___ Information shown ___
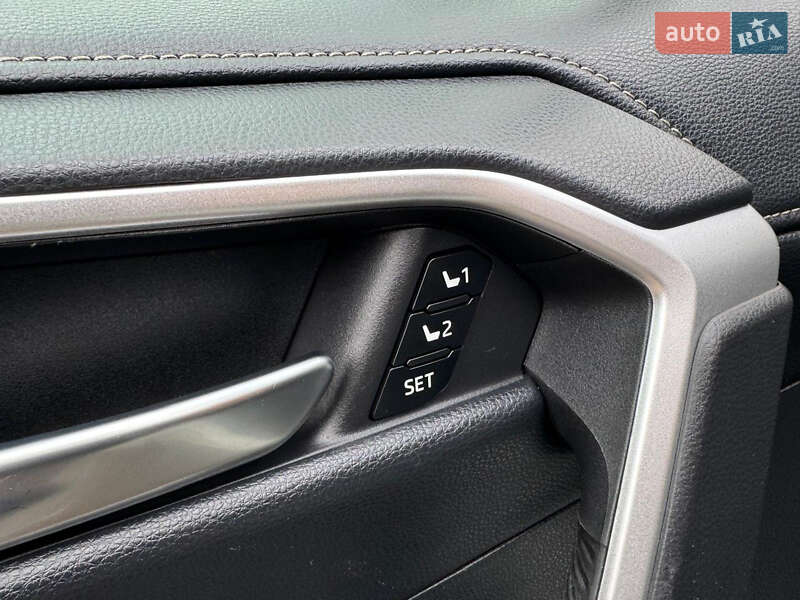 Позашляховик / Кросовер Toyota RAV4 2020 в Львові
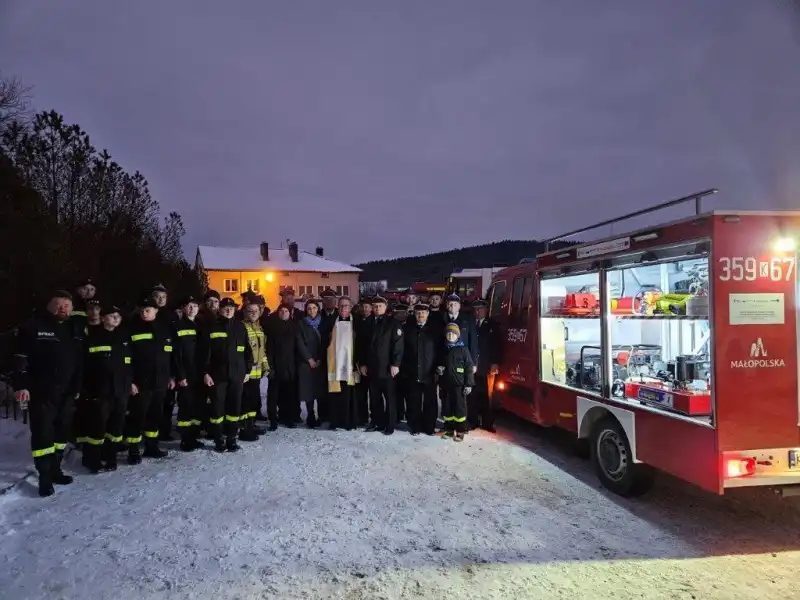 Druhowie z OSP Wojnarowa mają nowy samochód strażacki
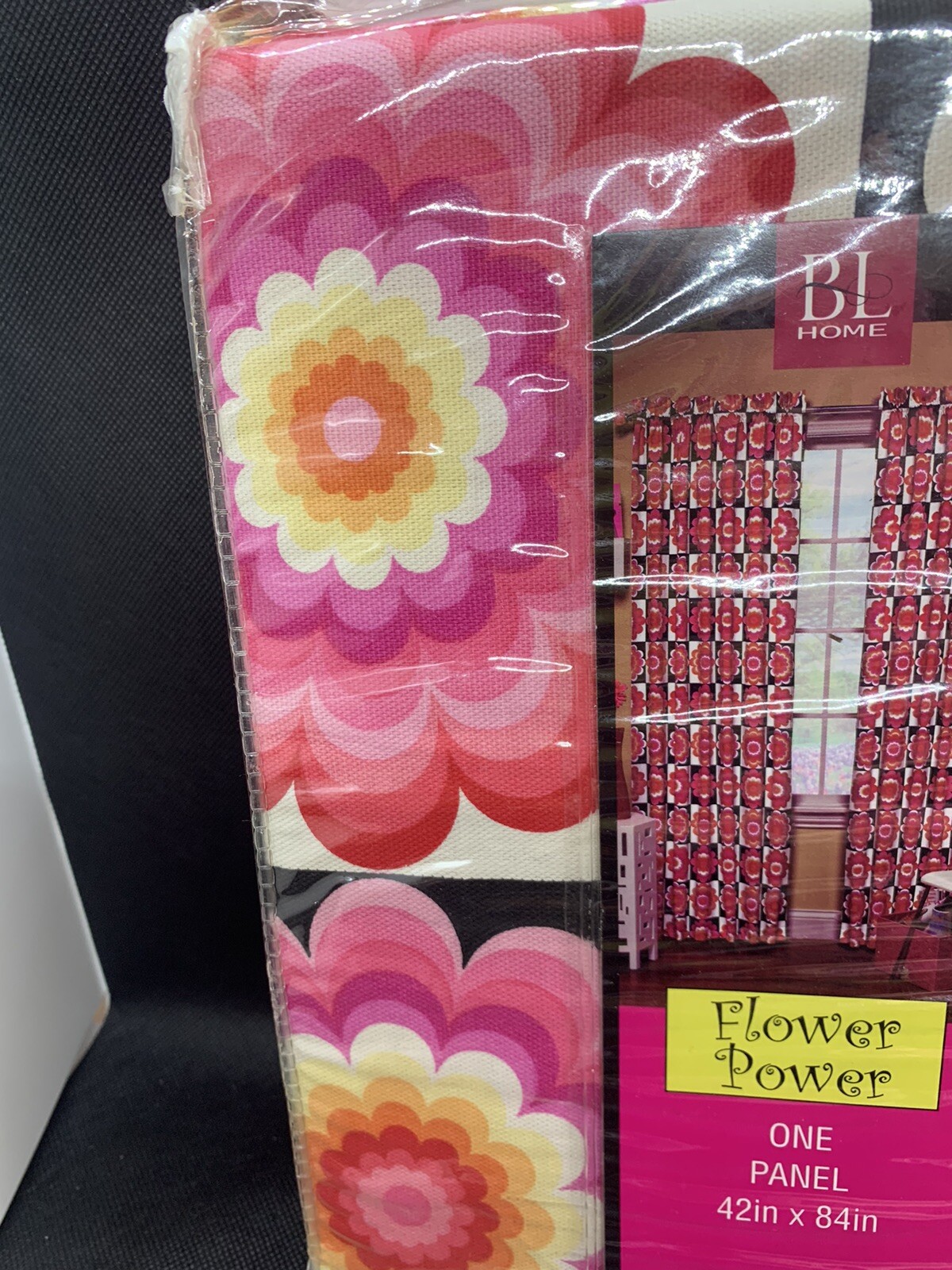 One Panel Drape Curtain 44 in x 84 in Flower Power Pink by BL Home UNOPENED NEW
___
◆ Problem description
Retype the data word for word, please, and keep the images out.

◆ Solution for this problem
 Позашляховик / Кросовер Toyota RAV4 2020 в Львові
 Druhowie z OSP Wojnarowa mają nowy samochód strażacki
 One Panel Drape Curtain 44 in x 84 in Flower Power Pink by BL Home UNOPENED NEW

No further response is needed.